**** Source data

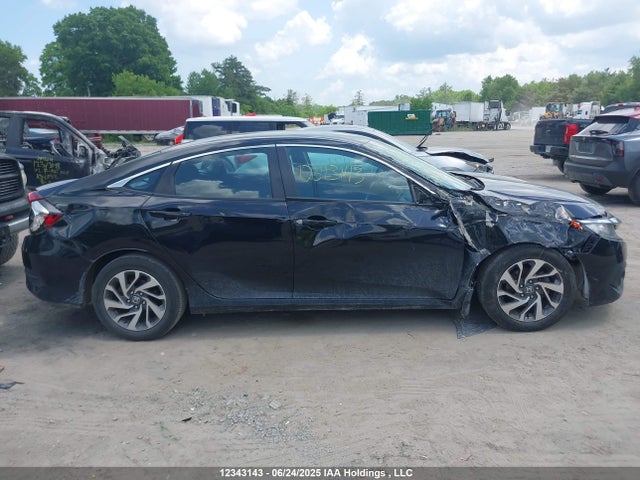 2HGFC2F66JH040736 Honda k20c2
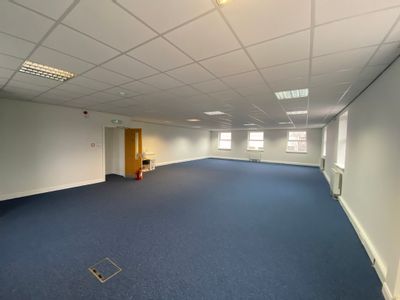 Property Image for 20b Telford Court, M56 J16, Chester Gates Business Park, Ellesmere Port, Cheshire, CH1 6LT
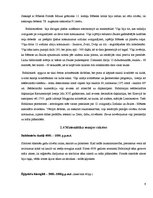 Referāts 'Matemātikas vēsture', 9.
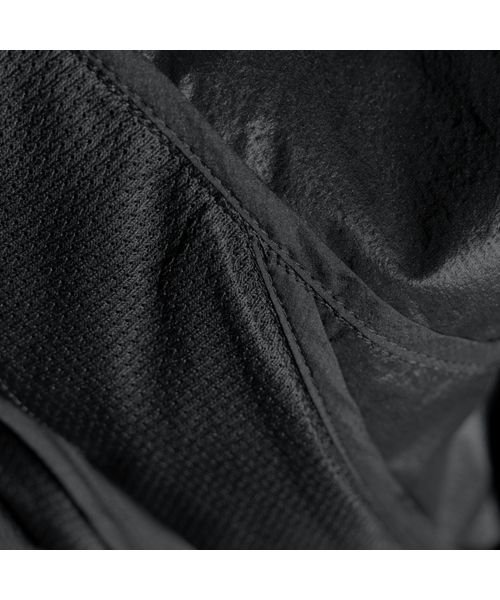 MAMMUT(マムート)/Convey WB Hooded Jacket AF Men/img06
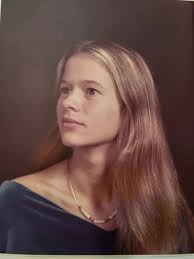 Jody Kerns Obituary (1958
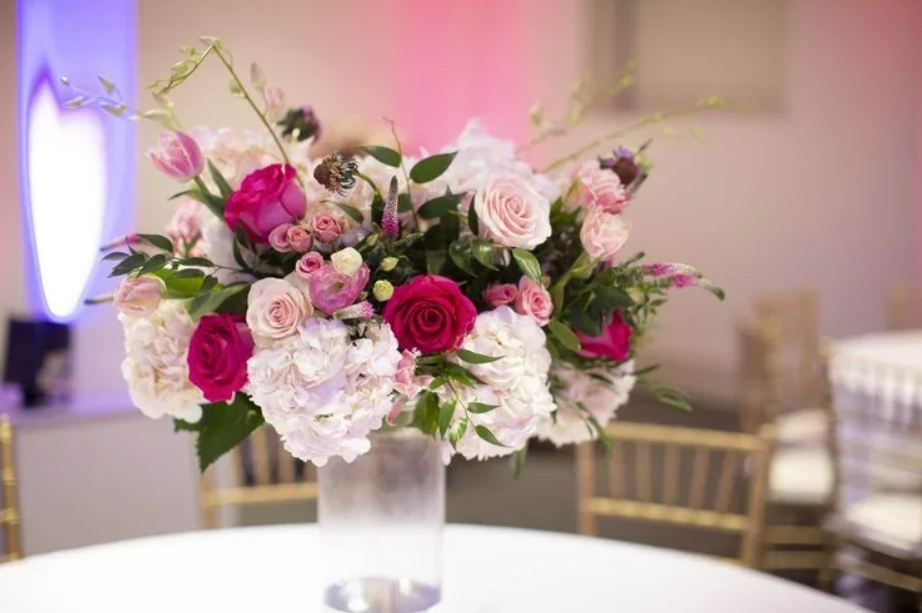 How To Make Quinceañera Halls In Long Beach CA Shine With Unique Themes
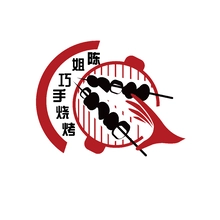 巧手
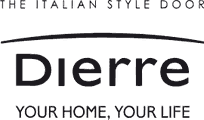 Dierre
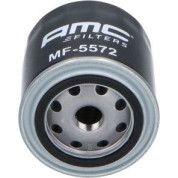 AMC Kraftstofffilter PKW | MAZDA B2500 | MF-5572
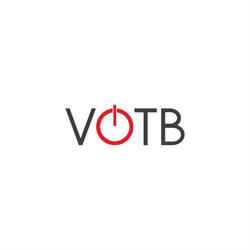Verband Österreichischer Stuckateur-und Trockenbauunternehmungen (VÖTB), Stoob Öffnungszeiten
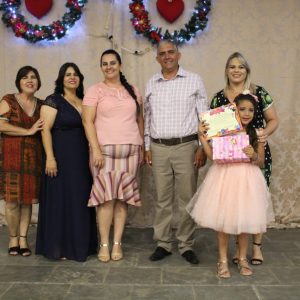 IMG-20191212-WA0117 IMG-20191212-WA0117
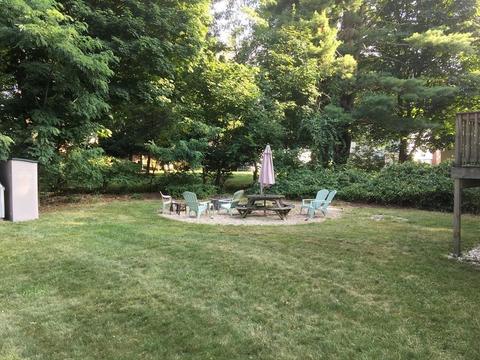 5 Morton St, Canton, MA 02021 photo 3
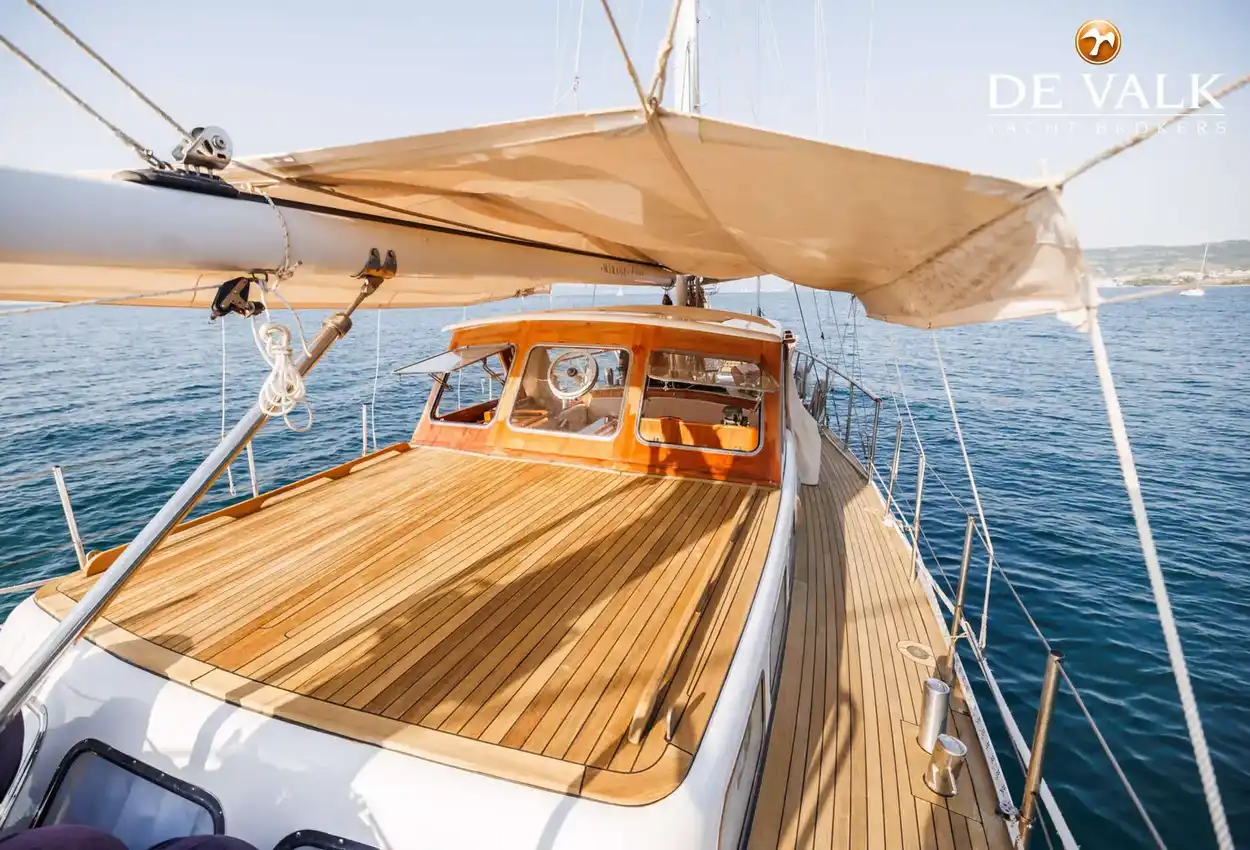 Thumbnail von Jongert 16 S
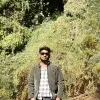 Abhay Goyal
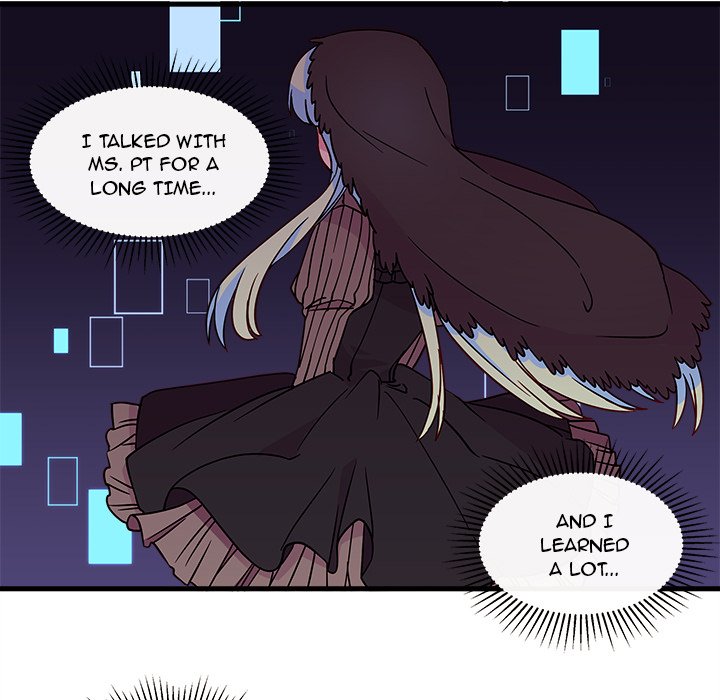 I Choose You! page 11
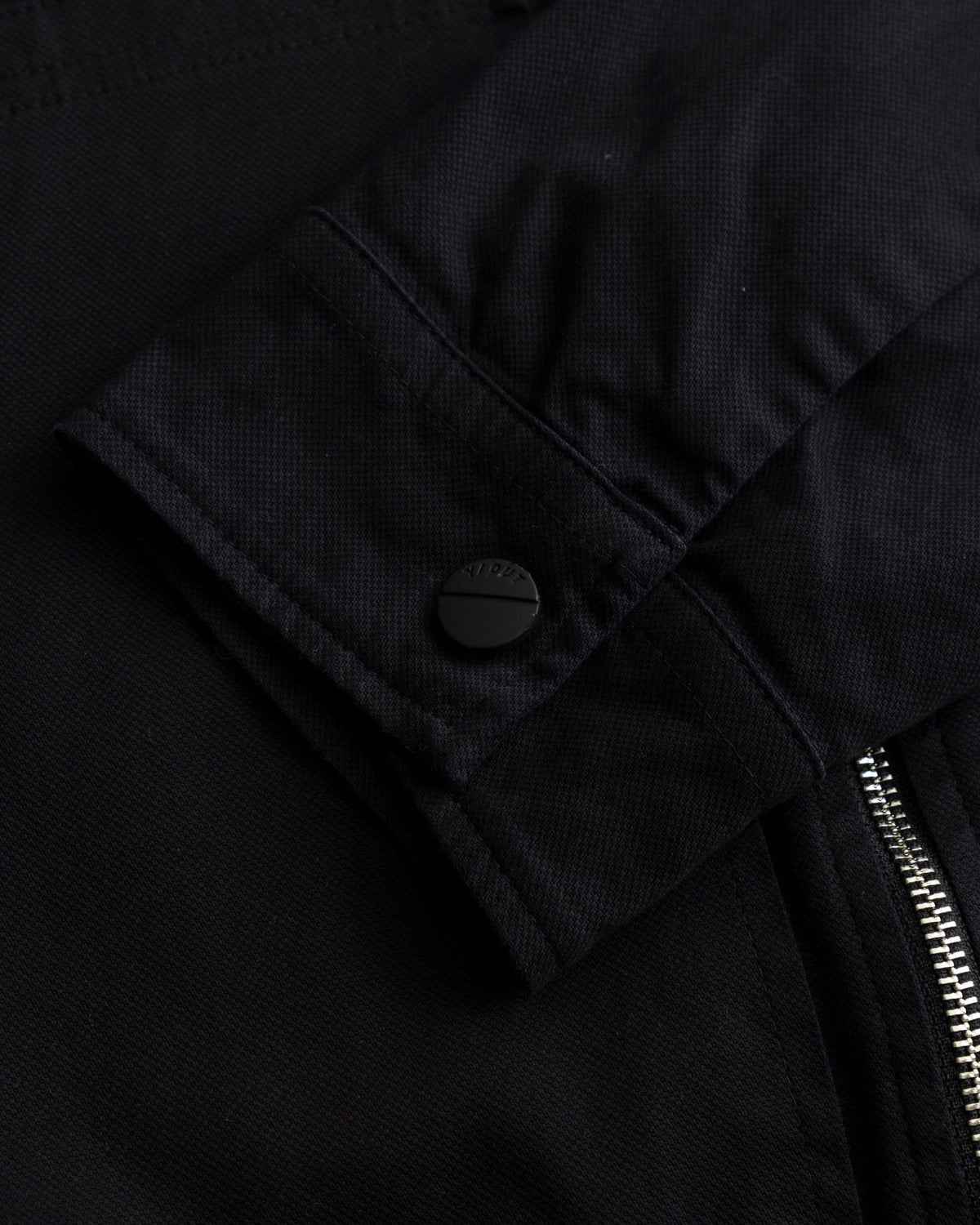 TOSCANA JACKET-12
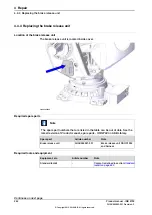 Preview for 242 page of ABB IRC5 Compact Product Manual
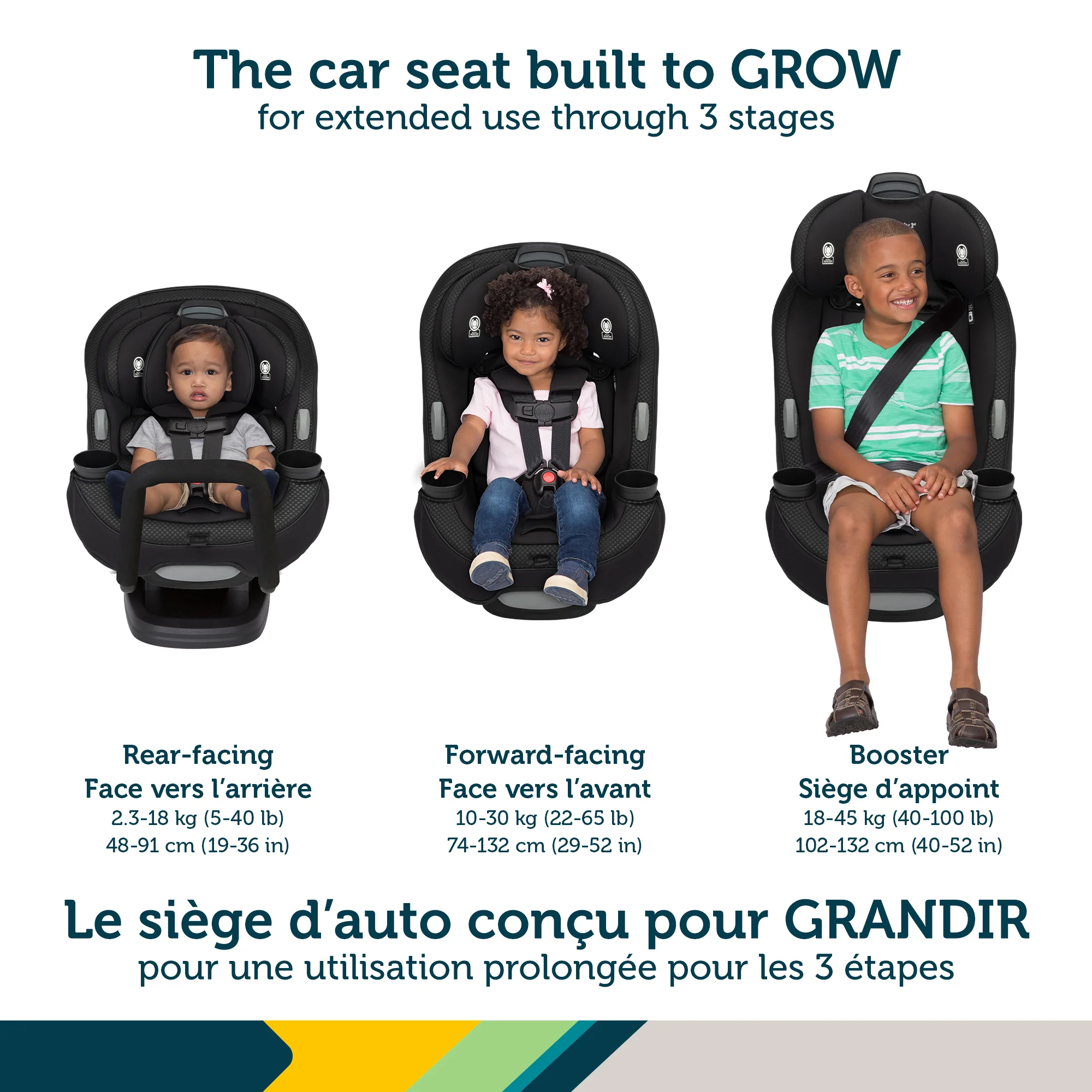 02-22618CDER_Built2Grow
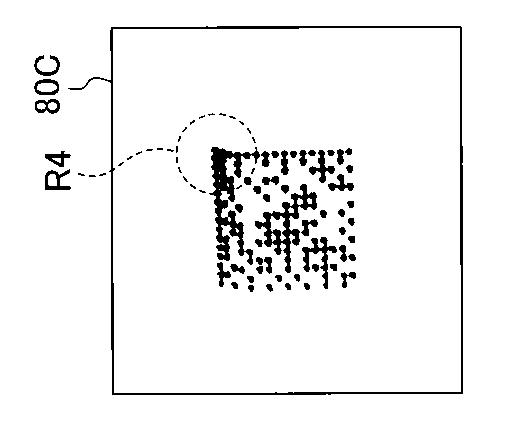 6503723-印刷装置、印刷方法、印刷プログラム、及び印刷物の製造方法 図000013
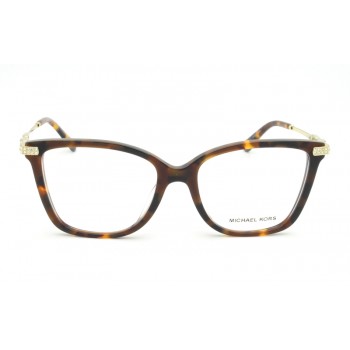 Armação  Michael Kors ZARAGOZA MK4208BU 4031 54-17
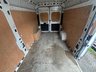 USED 2023 23 FIAT DUCATO 2.2 MultijetIII 35 Business Pro Panel Van 5dr Diesel Manual L H2 Euro 6 (140 ps) Air Conditioning - Navigation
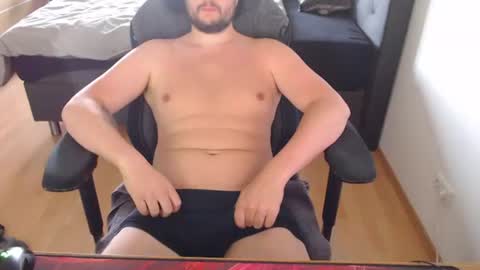Snapshot of helevorn chatting on 5, 7, 2026 Helevorn online show from 5, 7, 2026
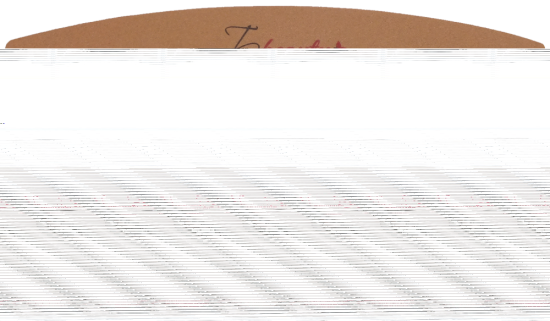 Beauty Lima Lavabile 100/120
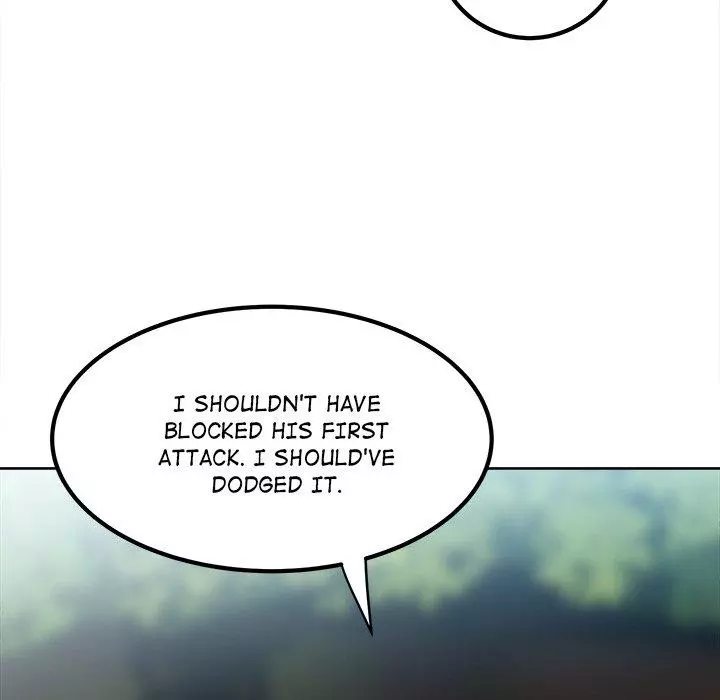 The Villain Chapter 57 page 19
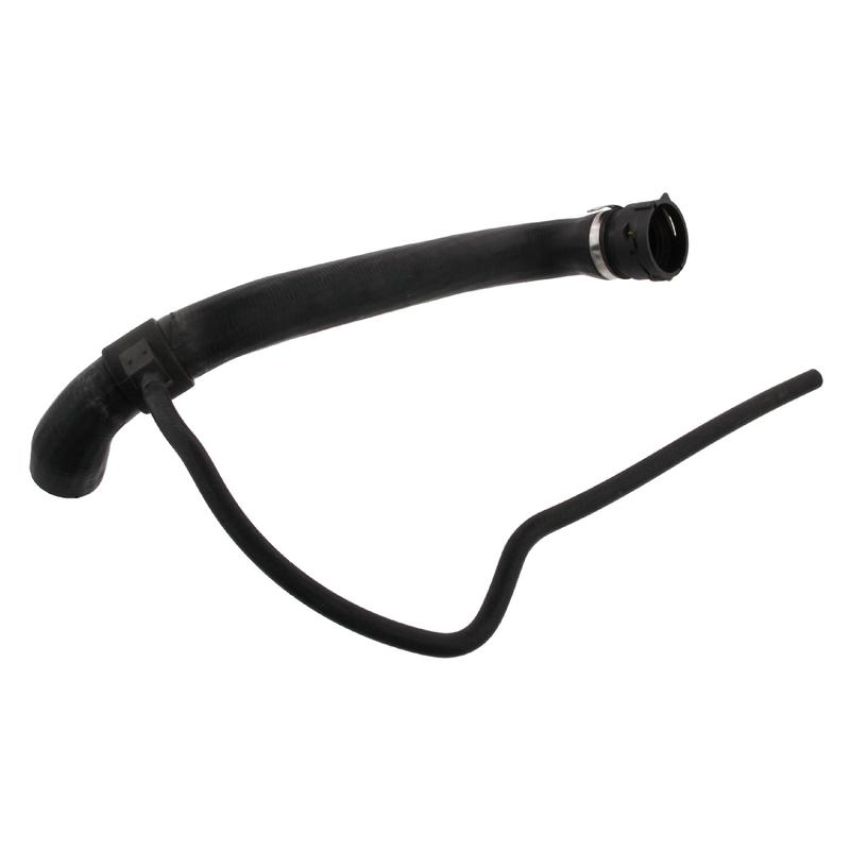 FEBI 36147 Coolant Hose with quick coupling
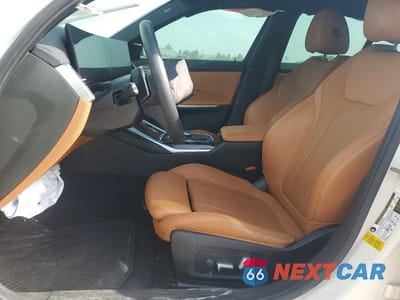 Zdjęcie 7 z 12 samochodu: 2023 BMW 330I VIN:3MW69FF09P8D69446 - miniatura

********

Task directions
Print, with pictures removed, exactly the lines of the records above from the top through the line containing "USED 2023 23".

Your solution
 2HGFC2F66JH040736 Honda k20c2
 Property Image for 20b Telford Court, M56 J16, Chester Gates Business Park, Ellesmere Port, Cheshire, CH1 6LT
 Referāts 'Matemātikas vēsture', 9.
 MAMMUT(マムート)/Convey WB Hooded Jacket AF Men/img06
 Jody Kerns Obituary (1958
 How To Make Quinceañera Halls In Long Beach CA Shine With Unique Themes
 巧手
 Dierre
 AMC Kraftstofffilter PKW | MAZDA B2500 | MF-5572
Verband Österreichischer Stuckateur-und Trockenbauunternehmungen (VÖTB), Stoob Öffnungszeiten
 IMG-20191212-WA0117 IMG-20191212-WA0117
 5 Morton St, Canton, MA 02021 photo 3
 Thumbnail von Jongert 16 S
 Abhay Goyal
 I Choose You! page 11
 TOSCANA JACKET-12
 Preview for 242 page of ABB IRC5 Compact Product Manual
 02-22618CDER_Built2Grow
 6503723-印刷装置、印刷方法、印刷プログラム、及び印刷物の製造方法 図000013
 Armação  Michael Kors ZARAGOZA MK4208BU 4031 54-17
 USED 2023 23 FIAT DUCATO 2.2 MultijetIII 35 Business Pro Panel Van 5dr Diesel Manual L H2 Euro 6 (140 ps) Air Conditioning - Navigation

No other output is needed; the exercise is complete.